May 10, 2021 | Nathaniel Berman
About the author:

One of the foremost Spanish rabbis of his day, Moses Naḥmanides (1194-1270) was also a learned physician and the author of enormously influential commentaries on the Pentateuch, Talmud, and other works. Reviewing a book on Naḥmanides’ thought by Moshe Halbertal, recently translated into English, Nathaniel Berman sums up the rabbi’s career:

Naḥmanides was both halakhist and kabbalist, as well as a Jewish community leader, indeed the Jewish representative in a pivotal 1263 [government-mandated] disputation with Christian theologians.
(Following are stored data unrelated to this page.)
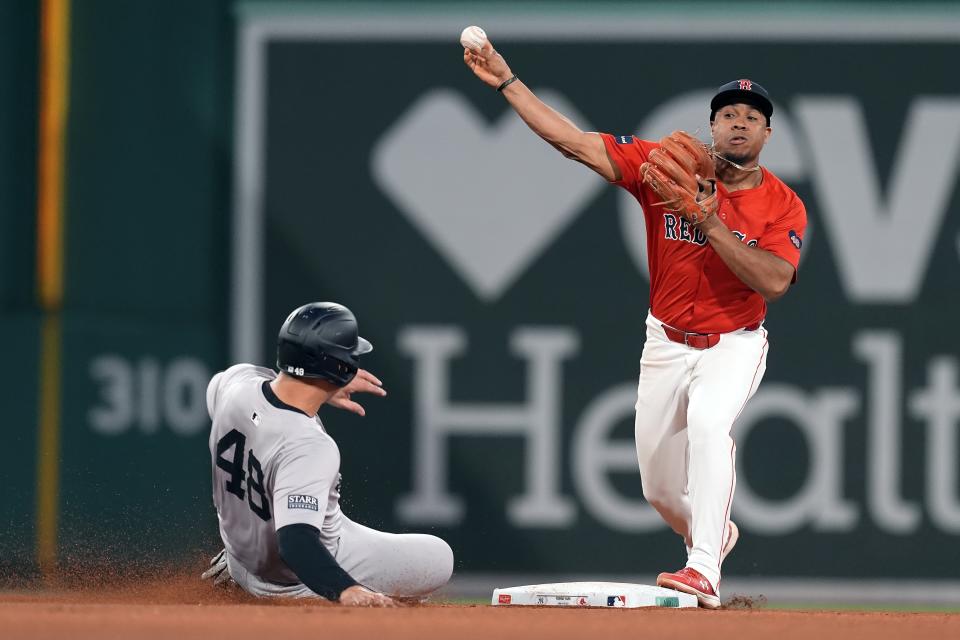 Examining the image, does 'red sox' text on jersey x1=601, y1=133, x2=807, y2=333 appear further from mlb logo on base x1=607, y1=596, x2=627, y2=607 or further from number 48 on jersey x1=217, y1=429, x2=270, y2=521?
number 48 on jersey x1=217, y1=429, x2=270, y2=521

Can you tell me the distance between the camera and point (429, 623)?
374 cm

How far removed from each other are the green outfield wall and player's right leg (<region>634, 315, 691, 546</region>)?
1.82 metres

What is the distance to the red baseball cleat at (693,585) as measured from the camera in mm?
4344

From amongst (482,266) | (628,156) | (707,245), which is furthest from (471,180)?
(707,245)

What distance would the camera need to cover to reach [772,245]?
15.2 feet

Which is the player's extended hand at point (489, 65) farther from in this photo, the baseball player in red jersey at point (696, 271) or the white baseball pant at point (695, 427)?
the white baseball pant at point (695, 427)

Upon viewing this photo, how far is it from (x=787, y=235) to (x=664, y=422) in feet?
2.26

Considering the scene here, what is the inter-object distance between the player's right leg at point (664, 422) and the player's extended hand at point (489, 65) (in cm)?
90

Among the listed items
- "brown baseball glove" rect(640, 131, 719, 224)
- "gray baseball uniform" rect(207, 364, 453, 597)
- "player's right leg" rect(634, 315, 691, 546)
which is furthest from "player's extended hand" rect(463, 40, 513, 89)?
"gray baseball uniform" rect(207, 364, 453, 597)

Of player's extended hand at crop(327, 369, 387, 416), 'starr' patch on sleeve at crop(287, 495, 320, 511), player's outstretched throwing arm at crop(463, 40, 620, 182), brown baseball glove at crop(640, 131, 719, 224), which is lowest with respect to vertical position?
'starr' patch on sleeve at crop(287, 495, 320, 511)

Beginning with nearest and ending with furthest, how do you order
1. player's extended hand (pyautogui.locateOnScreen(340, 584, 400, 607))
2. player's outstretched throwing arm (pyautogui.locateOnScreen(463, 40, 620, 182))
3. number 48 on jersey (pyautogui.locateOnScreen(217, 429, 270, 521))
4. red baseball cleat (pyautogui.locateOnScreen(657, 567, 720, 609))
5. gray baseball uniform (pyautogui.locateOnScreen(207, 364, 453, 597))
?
player's extended hand (pyautogui.locateOnScreen(340, 584, 400, 607)) → gray baseball uniform (pyautogui.locateOnScreen(207, 364, 453, 597)) → number 48 on jersey (pyautogui.locateOnScreen(217, 429, 270, 521)) → red baseball cleat (pyautogui.locateOnScreen(657, 567, 720, 609)) → player's outstretched throwing arm (pyautogui.locateOnScreen(463, 40, 620, 182))

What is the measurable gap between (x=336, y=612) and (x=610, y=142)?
1.80 meters

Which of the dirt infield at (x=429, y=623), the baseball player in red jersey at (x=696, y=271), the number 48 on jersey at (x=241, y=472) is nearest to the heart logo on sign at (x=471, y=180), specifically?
the baseball player in red jersey at (x=696, y=271)

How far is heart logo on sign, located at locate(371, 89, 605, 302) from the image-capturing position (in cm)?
682
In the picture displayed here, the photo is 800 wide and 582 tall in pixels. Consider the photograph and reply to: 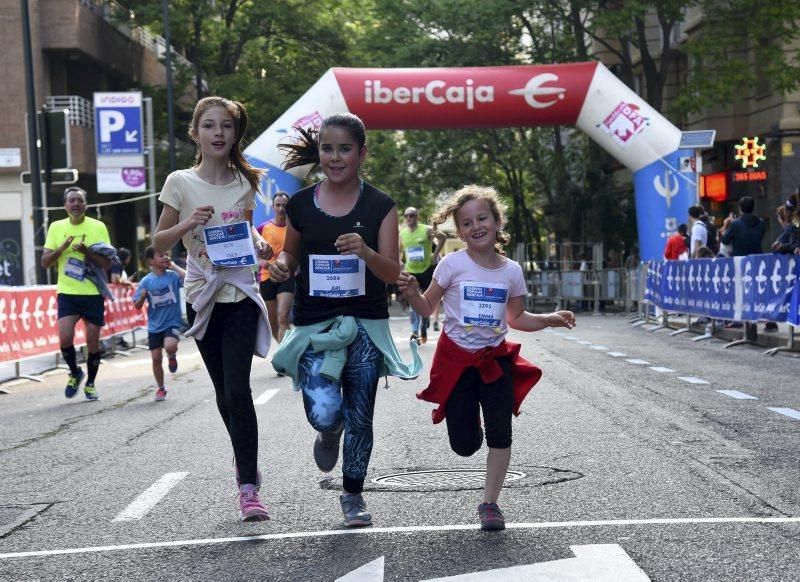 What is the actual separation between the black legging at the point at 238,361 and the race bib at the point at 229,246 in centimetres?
19

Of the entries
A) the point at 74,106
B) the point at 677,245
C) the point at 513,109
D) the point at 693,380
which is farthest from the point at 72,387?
the point at 74,106

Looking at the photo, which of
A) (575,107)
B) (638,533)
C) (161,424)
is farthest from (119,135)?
(638,533)

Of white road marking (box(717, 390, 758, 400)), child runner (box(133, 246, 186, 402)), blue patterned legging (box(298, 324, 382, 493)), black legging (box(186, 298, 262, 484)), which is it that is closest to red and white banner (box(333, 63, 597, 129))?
child runner (box(133, 246, 186, 402))

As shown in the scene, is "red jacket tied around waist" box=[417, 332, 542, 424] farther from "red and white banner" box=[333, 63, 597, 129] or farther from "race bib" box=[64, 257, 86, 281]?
"red and white banner" box=[333, 63, 597, 129]

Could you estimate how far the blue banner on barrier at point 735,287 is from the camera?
16.3m

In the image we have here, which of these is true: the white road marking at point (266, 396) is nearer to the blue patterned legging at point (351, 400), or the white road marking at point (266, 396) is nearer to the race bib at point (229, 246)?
the race bib at point (229, 246)

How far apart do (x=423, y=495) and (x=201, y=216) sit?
1665mm

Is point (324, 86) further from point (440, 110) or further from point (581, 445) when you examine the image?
point (581, 445)

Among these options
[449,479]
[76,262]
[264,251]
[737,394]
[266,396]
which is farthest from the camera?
[76,262]

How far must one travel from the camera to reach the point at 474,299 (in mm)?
5754

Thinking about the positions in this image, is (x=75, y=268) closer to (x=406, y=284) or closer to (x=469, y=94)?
(x=406, y=284)

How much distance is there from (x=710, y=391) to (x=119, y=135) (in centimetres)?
2107

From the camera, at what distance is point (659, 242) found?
25344 mm

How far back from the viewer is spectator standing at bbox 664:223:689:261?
23.9m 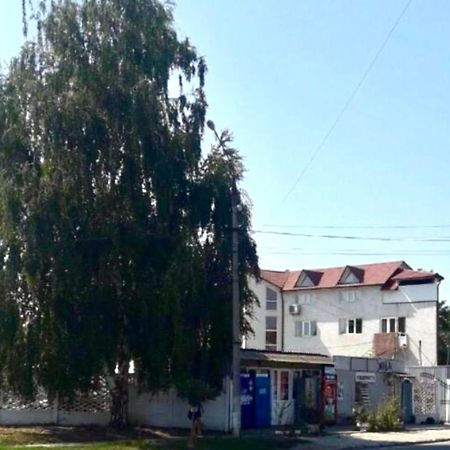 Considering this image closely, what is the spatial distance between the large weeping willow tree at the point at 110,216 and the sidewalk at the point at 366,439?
3835 mm

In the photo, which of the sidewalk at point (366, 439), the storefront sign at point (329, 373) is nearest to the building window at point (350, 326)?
the sidewalk at point (366, 439)

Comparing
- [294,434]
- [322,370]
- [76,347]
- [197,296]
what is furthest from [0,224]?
[322,370]

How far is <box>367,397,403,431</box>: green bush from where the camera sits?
36.2 meters

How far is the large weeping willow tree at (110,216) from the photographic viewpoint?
29359 millimetres

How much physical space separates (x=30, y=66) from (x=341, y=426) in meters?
18.1

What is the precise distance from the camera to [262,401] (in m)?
34.8

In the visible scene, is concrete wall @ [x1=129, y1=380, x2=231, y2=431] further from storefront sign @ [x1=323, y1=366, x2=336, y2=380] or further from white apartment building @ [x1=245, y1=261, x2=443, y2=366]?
white apartment building @ [x1=245, y1=261, x2=443, y2=366]

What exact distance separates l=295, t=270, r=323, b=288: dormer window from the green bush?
29.4 meters

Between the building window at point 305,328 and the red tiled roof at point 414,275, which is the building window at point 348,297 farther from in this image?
the red tiled roof at point 414,275

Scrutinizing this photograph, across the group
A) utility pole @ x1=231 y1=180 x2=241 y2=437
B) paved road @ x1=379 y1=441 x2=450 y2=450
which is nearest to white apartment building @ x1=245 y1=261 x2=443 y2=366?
paved road @ x1=379 y1=441 x2=450 y2=450

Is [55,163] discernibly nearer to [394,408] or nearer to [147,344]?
[147,344]

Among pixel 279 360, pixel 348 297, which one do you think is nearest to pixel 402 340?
pixel 348 297

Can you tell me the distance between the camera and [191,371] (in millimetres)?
30484

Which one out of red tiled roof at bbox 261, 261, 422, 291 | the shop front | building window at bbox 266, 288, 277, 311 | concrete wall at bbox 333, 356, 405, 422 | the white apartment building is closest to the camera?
the shop front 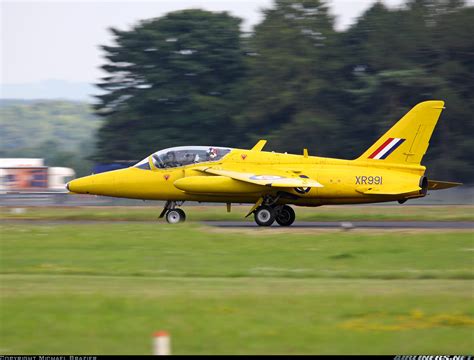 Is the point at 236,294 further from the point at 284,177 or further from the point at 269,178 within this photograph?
the point at 284,177

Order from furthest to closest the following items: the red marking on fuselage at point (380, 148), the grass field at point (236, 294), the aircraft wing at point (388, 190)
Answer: the red marking on fuselage at point (380, 148)
the aircraft wing at point (388, 190)
the grass field at point (236, 294)

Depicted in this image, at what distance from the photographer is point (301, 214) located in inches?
1298

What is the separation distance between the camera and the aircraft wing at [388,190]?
26031 mm

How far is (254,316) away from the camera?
38.1 feet

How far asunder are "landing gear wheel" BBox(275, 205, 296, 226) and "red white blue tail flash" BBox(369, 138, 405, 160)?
11.4 feet

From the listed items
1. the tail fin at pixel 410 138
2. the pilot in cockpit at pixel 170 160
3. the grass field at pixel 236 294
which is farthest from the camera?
the pilot in cockpit at pixel 170 160

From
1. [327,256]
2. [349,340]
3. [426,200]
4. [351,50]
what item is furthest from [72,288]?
[351,50]

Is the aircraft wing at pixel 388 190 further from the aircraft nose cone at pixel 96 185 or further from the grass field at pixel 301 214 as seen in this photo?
the aircraft nose cone at pixel 96 185

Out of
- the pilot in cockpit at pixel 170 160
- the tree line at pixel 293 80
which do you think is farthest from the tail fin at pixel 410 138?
the tree line at pixel 293 80

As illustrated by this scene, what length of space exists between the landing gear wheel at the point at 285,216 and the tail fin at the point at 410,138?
3.21 metres

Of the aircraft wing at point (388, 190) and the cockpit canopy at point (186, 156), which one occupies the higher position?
the cockpit canopy at point (186, 156)

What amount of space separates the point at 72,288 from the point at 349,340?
17.9ft

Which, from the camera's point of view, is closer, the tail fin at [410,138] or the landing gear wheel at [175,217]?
the tail fin at [410,138]

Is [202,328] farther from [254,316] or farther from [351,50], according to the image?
[351,50] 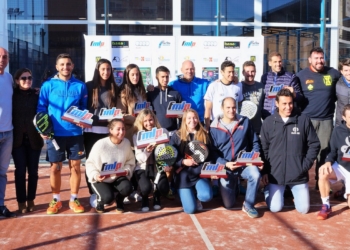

He stands in striking contrast to most of the key 13th-century Spanish kabbalists, [who, as one historian put it], “did not contribute in a significant manner to the communal Jewish life as leading figures, nor . . . play a major role in the halakhic literature.” . . . Halbertal strives throughout the book to relate the various features of Naḥmanides’ oeuvre to each other, particularly his legal and kabbalistic visions.

Naḥmanides declared that the Torah originally was written without any breaks between words. It can, therefore, be read in different ways depending on how the letters are divided. According to the familiar reading, the Torah consists of stories and commandments; according to an alternative, esoteric division of the letters, it consists entirely of divine names. As Halbertal explains, this conception rests on a vision of the Torah primarily as the emanation of divine essence, not as communicative of a determinate message. And just as divine essence is infinite, the “current division of letters resulting in our Torah is merely one of the kaleidoscopic manifestations of the divine essence” itself.

In this view, the debates and differences of opinion that characterize the Talmud and post-talmudic rabbinic literature are a reflection of the mystical essence of the Torah, which can manifest itself in different ways.

Halbertal cites a passage from Naḥmanides’ commentary on Numbers 11:16, concerning the “seventy elders” assembled by Moses to serve as intermediary judges of the Israelites. Naḥmanides associates this group with the 70-member Sanhedrin [of talmudic times]. . . . For Halbertal, Naḥmanides thus ascribes “a quasi-prophetic quality to the number of judges on the Sanhedrin,” setting “the Sanhedrin’s adjudication within a kabbalistic framework.” By “creating symbolic structures on earth that parallel supernal ones,” human beings “draw down God’s presence into the world”—a key kabbalistic vision, most elaborately articulated in relation to the desert Sanctuary and the Temple, but often extended even to the most familiar ritual performances.